**TASK TO COMPLETE:** Below is a listing with pictures in it; transcribe exactly the lines from the one that has "1941 Dunning Cir San Diego, CA 92154" through the one that has "2013 Lincoln MKX", and omit those pictures.

**DATA FOR ANALYSIS:**
Start of Block

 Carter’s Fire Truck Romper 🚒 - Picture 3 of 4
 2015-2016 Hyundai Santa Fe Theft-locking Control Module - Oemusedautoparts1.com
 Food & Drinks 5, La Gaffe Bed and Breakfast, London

End of Block
Start of Block

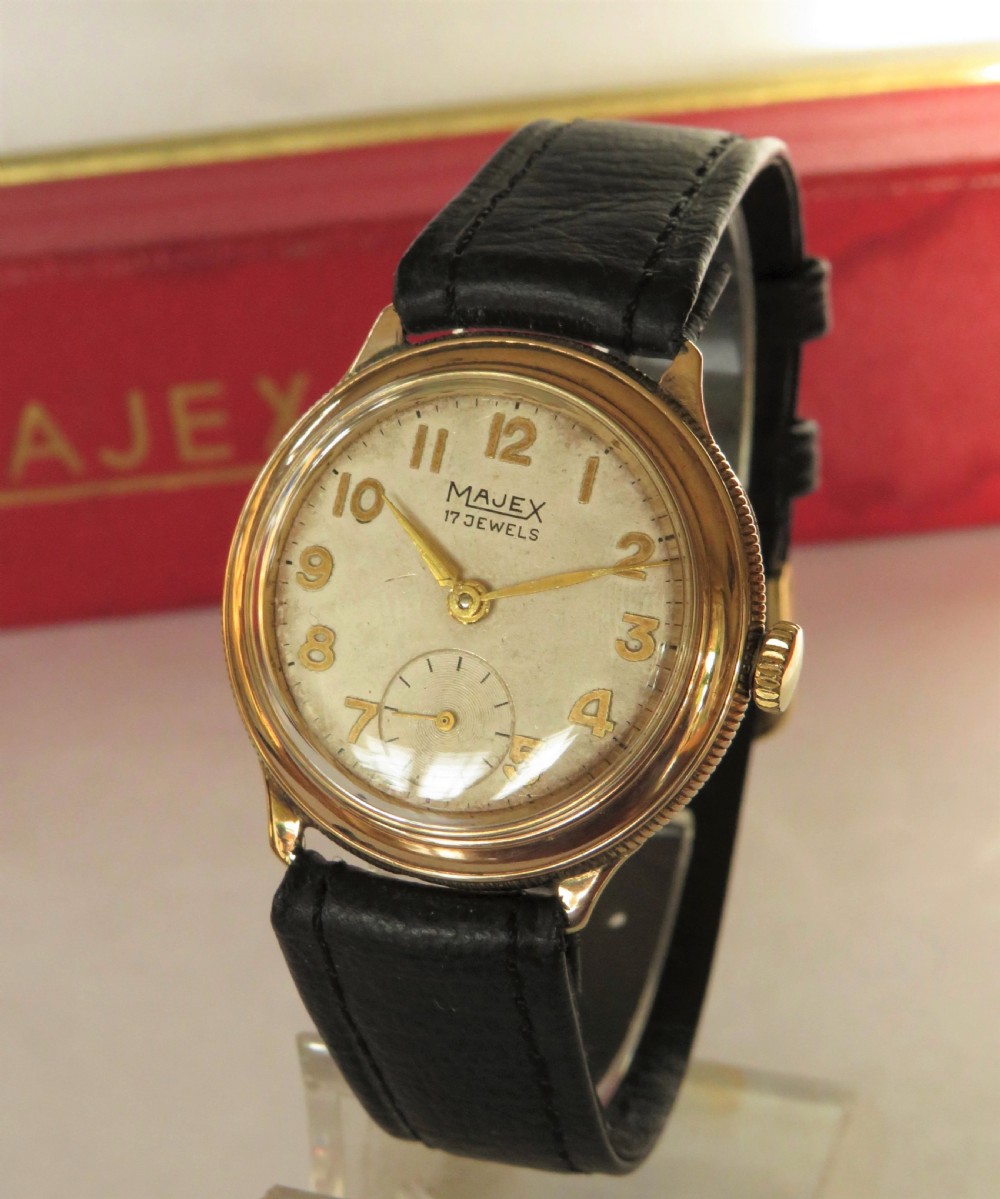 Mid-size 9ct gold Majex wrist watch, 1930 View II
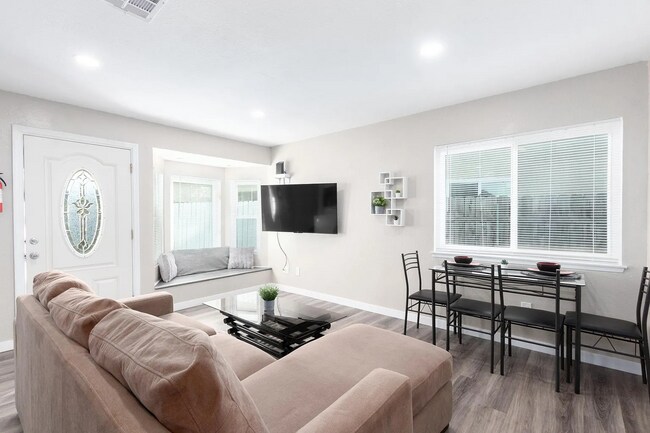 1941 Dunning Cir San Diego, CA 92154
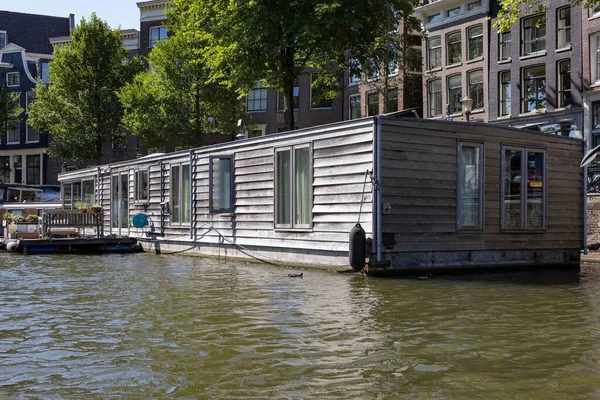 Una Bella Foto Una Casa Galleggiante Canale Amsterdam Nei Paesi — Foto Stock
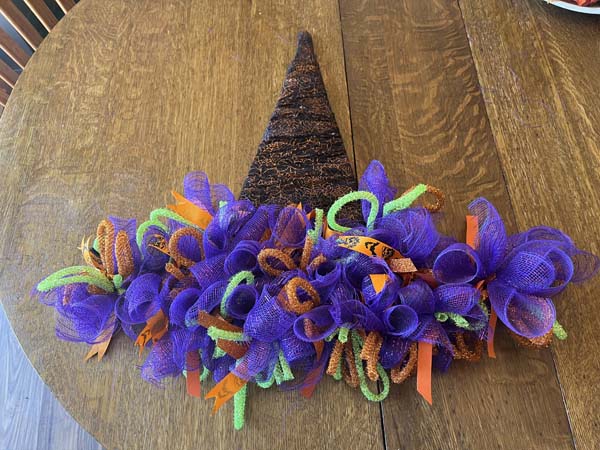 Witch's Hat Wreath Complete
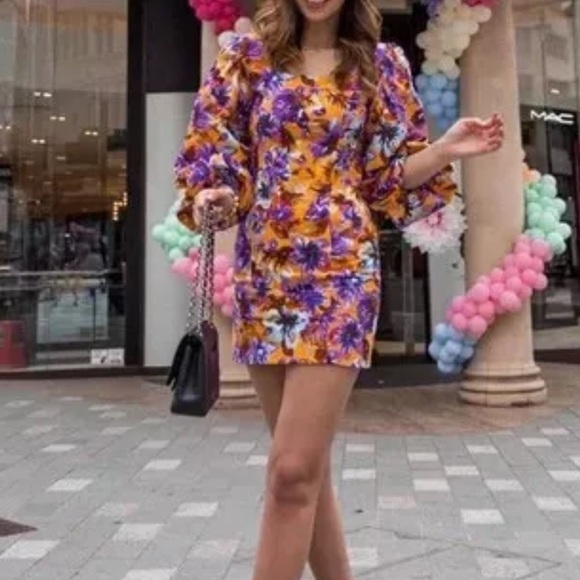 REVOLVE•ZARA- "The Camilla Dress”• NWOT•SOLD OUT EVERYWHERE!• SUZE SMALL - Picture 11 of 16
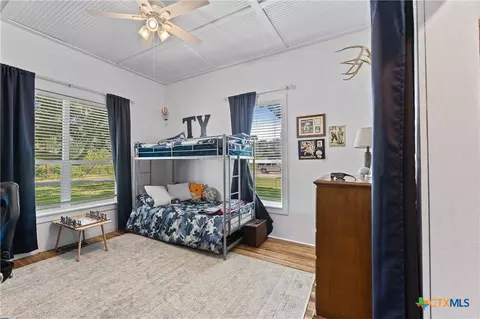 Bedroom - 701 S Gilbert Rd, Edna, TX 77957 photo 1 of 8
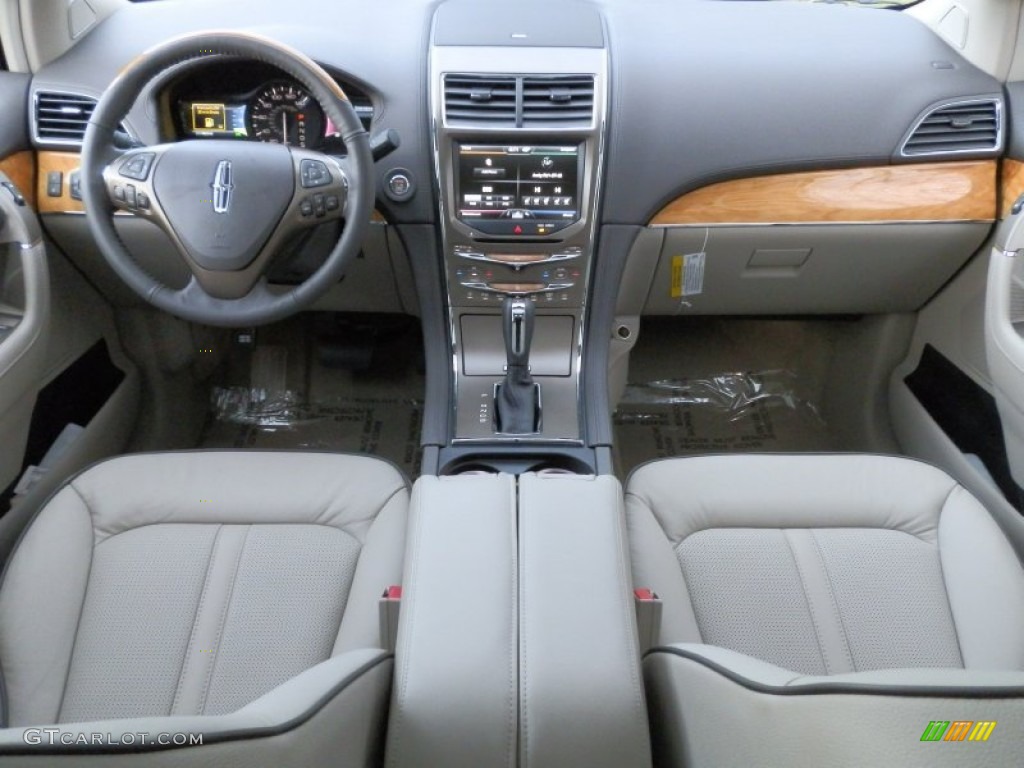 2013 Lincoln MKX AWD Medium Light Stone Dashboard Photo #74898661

End of Block

**RESPONSE:**
 1941 Dunning Cir San Diego, CA 92154
 Una Bella Foto Una Casa Galleggiante Canale Amsterdam Nei Paesi — Foto Stock
 Witch's Hat Wreath Complete
 REVOLVE•ZARA- "The Camilla Dress”• NWOT•SOLD OUT EVERYWHERE!• SUZE SMALL - Picture 11 of 16
 Bedroom - 701 S Gilbert Rd, Edna, TX 77957 photo 1 of 8
 2013 Lincoln MKX AWD Medium Light Stone Dashboard Photo #74898661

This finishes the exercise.